That IFPI report? The NME runs a chunk of the findings:
The International Federation of the Phonographic Industry (IFPI) Digital Music Report 2009 estimates that 40 billion files were unlawfully shared online in 2008 alone.
The report states that the IFPI removed three billion links to such files in 2008, up from 500,000 in 2007.
Actually, the report states three million, which is a little more credible.
And do the IFPI really mean 40 billion files are being "unlawfully shared", or are they adding up the number of times a smaller number of files have been accessed? You have to actually go to the full report to find out. The advantage, of course, is that you do get unfunny cartoons as well.
So, what do they actually say about this forty billion files?
Estimates on the impact of internet piracy vary but are consistently huge in scale. IFPI, collating separate studies in 16 countries over a four-year period,
estimated unauthorised file-sharing at over 40 billion files in 2008. This means that globally around 95 per cent of music tracks are downloaded without payment to the artist or the music company that produced them.

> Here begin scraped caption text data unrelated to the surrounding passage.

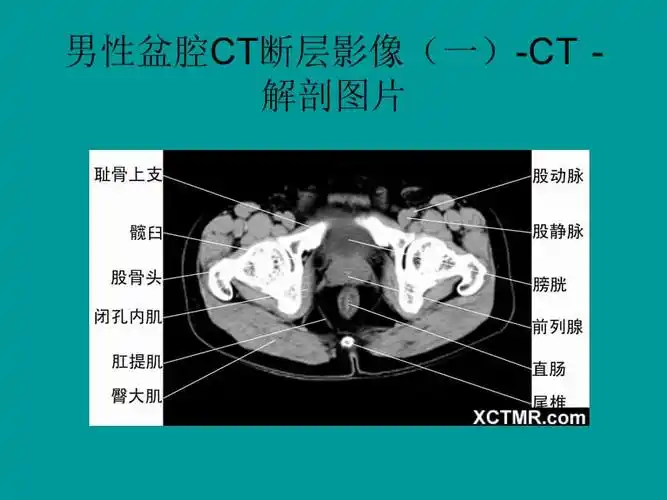 盆腔ct诊断课件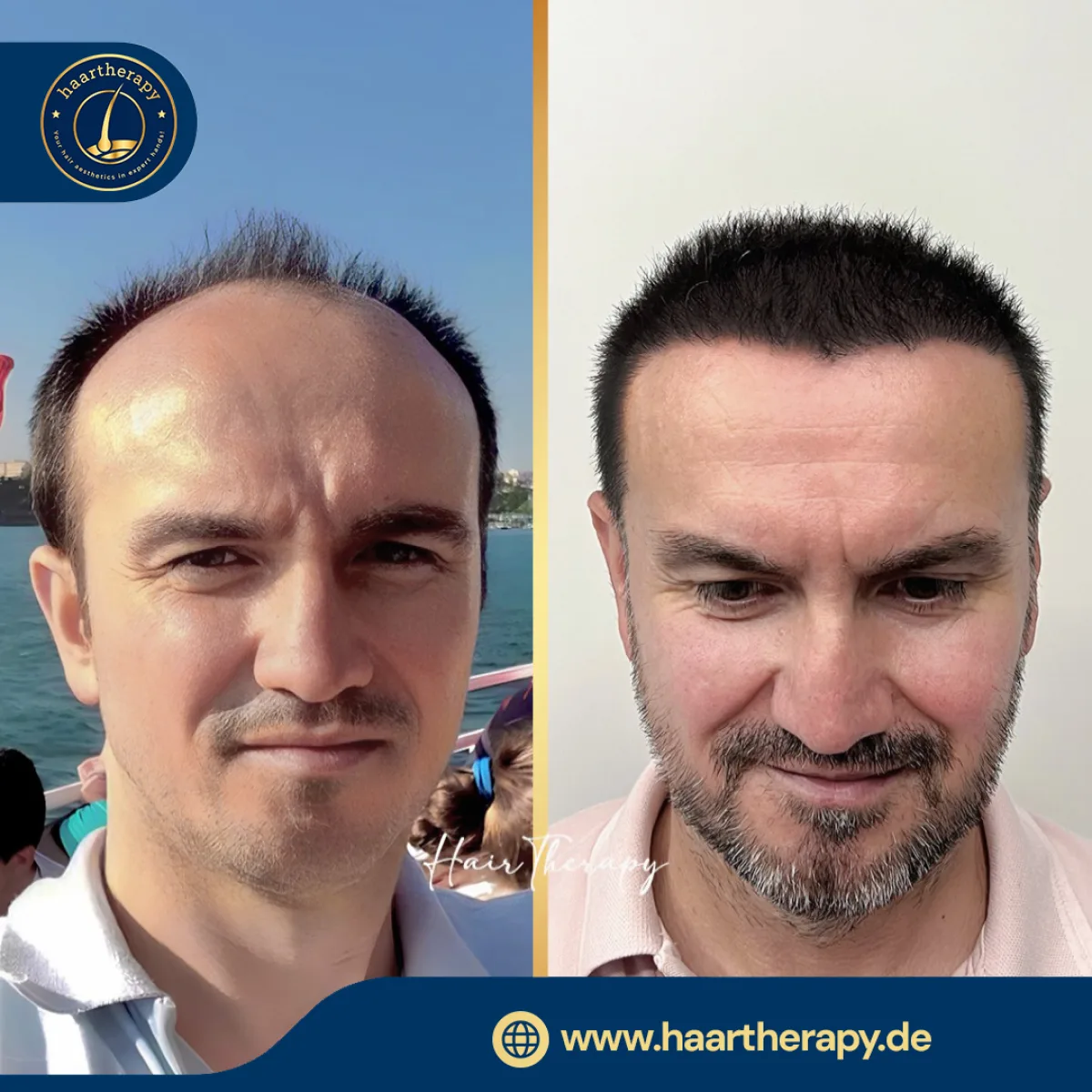 Behandlungsergebnis – Haartransplantation - FUE
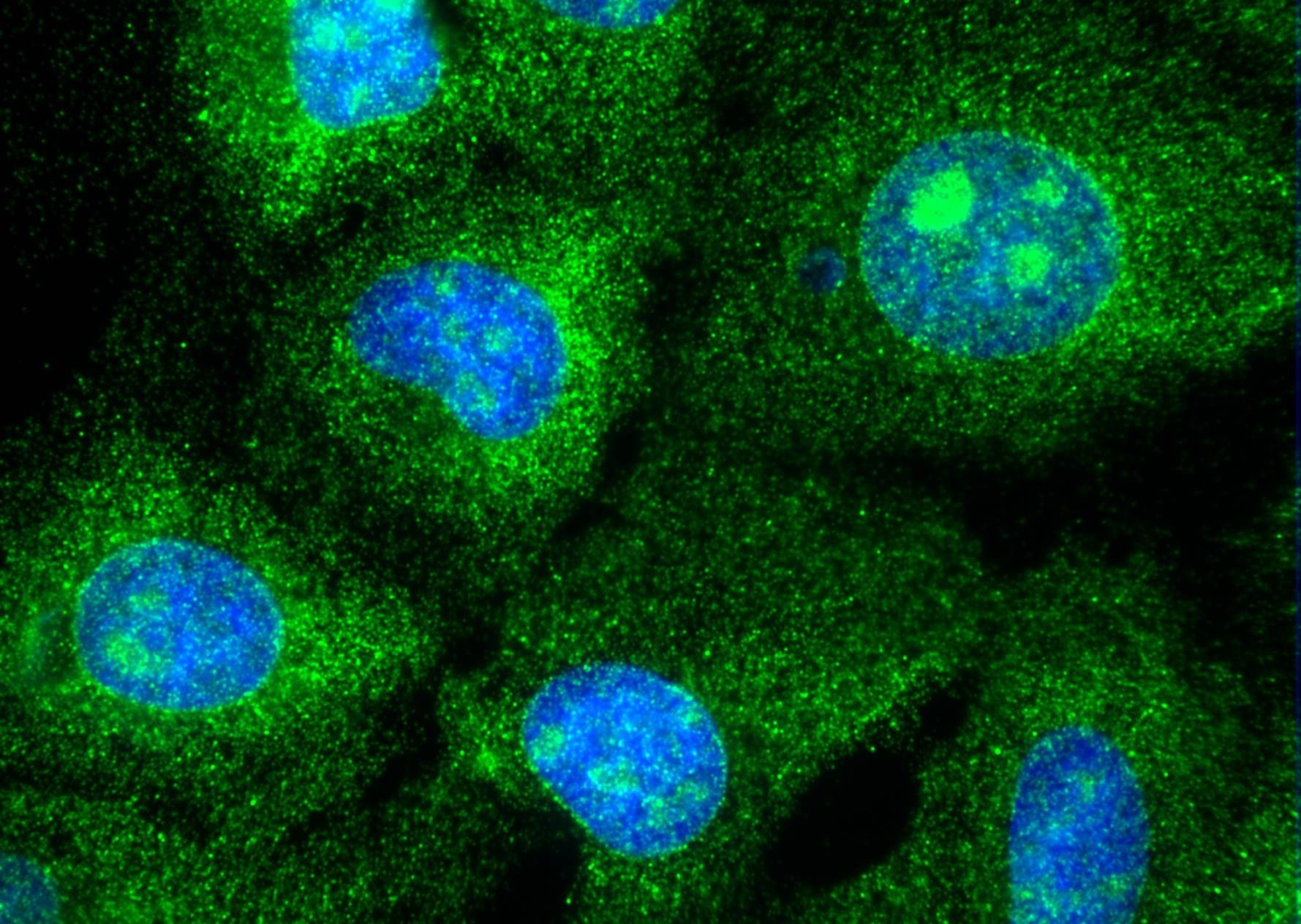 Immunofluorescence (IF) / fluorescent staining of U2OS cells using RPS14 Polyclonal antibody (16683-1-AP)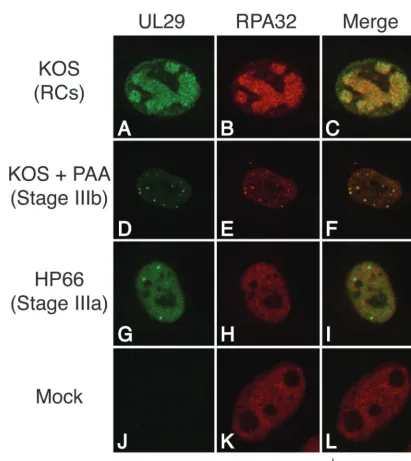 FIG. 2. RPA 32-kDa subunit colocalizes with UL29 in replication compartments (RCs) and stage IIIb foci but not stage IIIa foci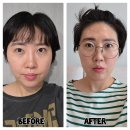 꽃보다 멍 | 압구정역피부과에서 받은 울쎄라 리프팅 300샷 멍,붓기,효과,가격 후기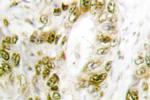 Phospho-IRF3 (Ser385) Antibody in Immunohistochemistry (Paraffin) (IHC (P))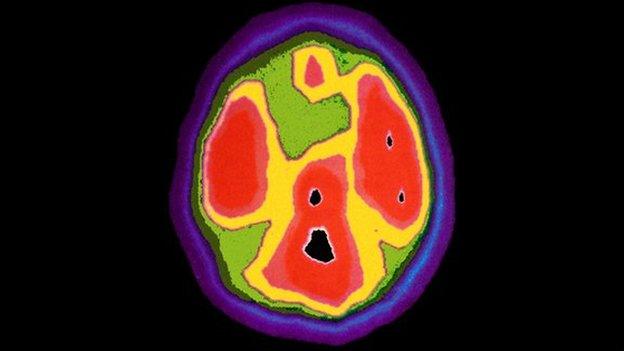 Brain scan of four-year-old with autism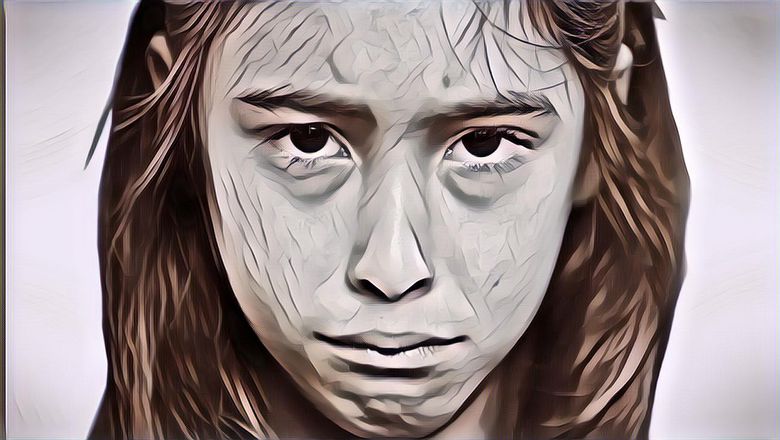 5 gejala Yang Berdampak Pada Kulit Ketika Sedang Stres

Hang about... this isn't just any old made-up figure, then, but one that has been hammered together from just sixteen countries, a bunch of studies which will use a range of different methodologies and from over a four year period. Which is more or less forever in internet terms. So even if it wasn't a made-up figure, it would be a totally pointless. The IFPI doesn't provide any further indication of how it made-up the number, nor even the studies on which it built its figure. It doesn't even define its terms, so we don't know if there are forty billion supposed downloads of unlicensed files, or if there are forty billion files available for download and possibly being sucked off the internet hundreds of times.